Abstract

When engaging with a textbook, students are inclined to highlight key content. Although students believe that highlighting and subsequent review of the highlights will further their educational goals, the psychological literature provides little evidence of benefits. Nonetheless, a student's choice of text for highlighting may serve as a window into her mental state-her level of comprehension, grasp of the key ideas, reading goals, and so on. We explore this hypothesis via an experiment in which 400 participants read three sections from a college-level biology text, briefly reviewed the text, and then took a quiz on the material.

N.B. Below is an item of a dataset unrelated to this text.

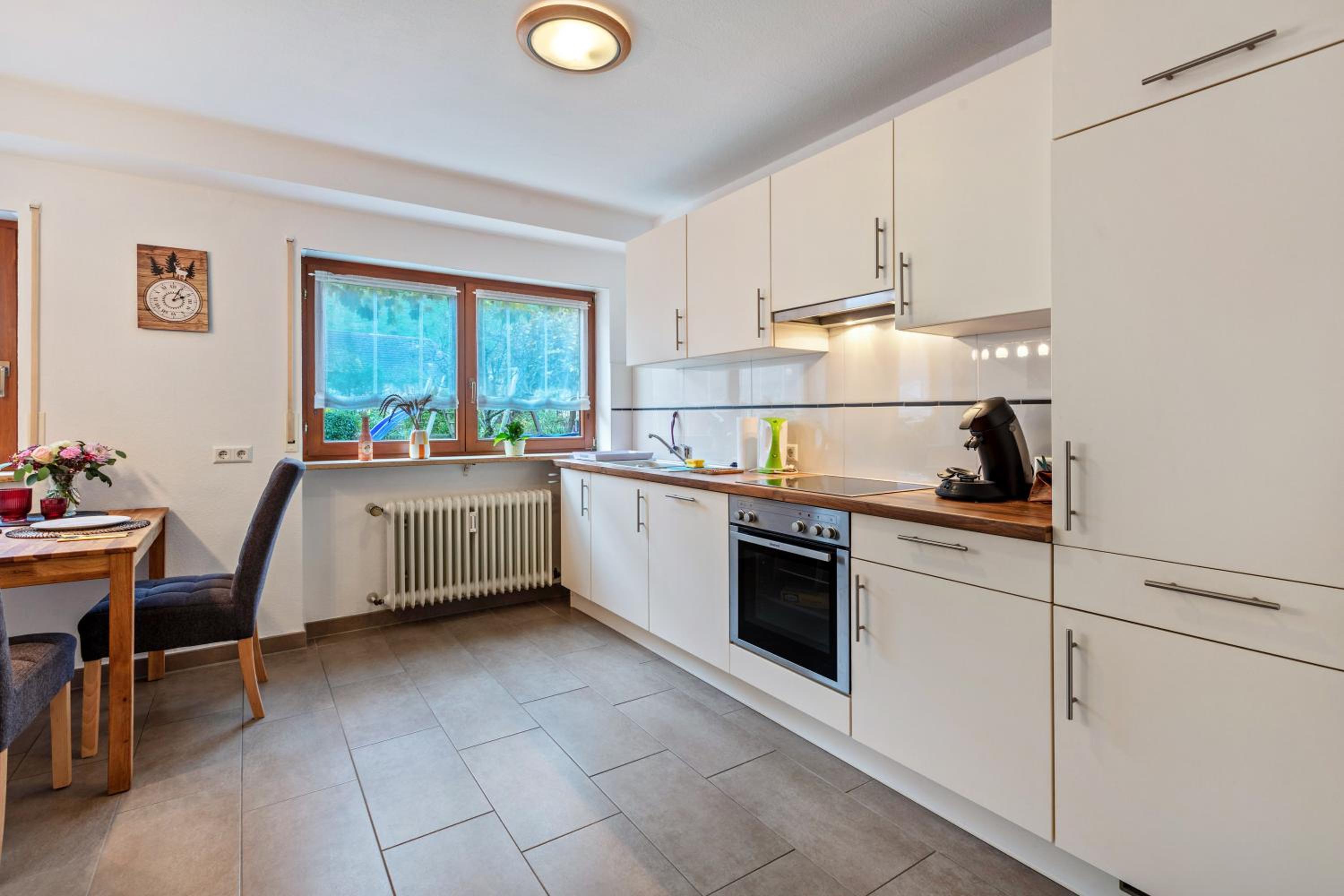 Ferienwohnung Sägegasse, Typ A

During initial reading, participants were able to highlight words, phrases, and sentences, and these highlights were displayed along with the complete text during the subsequent review. Consistent with past research, the amount of highlighted material is unrelated to quiz performance. Nonetheless, highlighting patterns may allow us to infer reader comprehension and interests. Using multiple representations of the highlighting patterns, we built probabilistic models to predict quiz performance and matrix factorization models to predict what content would be highlighted in one passage from highlights in other passages. We find that quiz score prediction accuracy reliably improves with the inclusion of highlighting data (by about 1%-2%), both for held-out students and for held-out student questions (i.e., questions selected randomly for each student), but not for held-out questions. Furthermore, an individual's highlighting pattern is informative of what she highlights elsewhere. Our long-term goal is to design digital textbooks that serve not only as conduits of information into the reader's mind but also allow us to draw inferences about the reader at a point where interventions may increase the effectiveness of the material.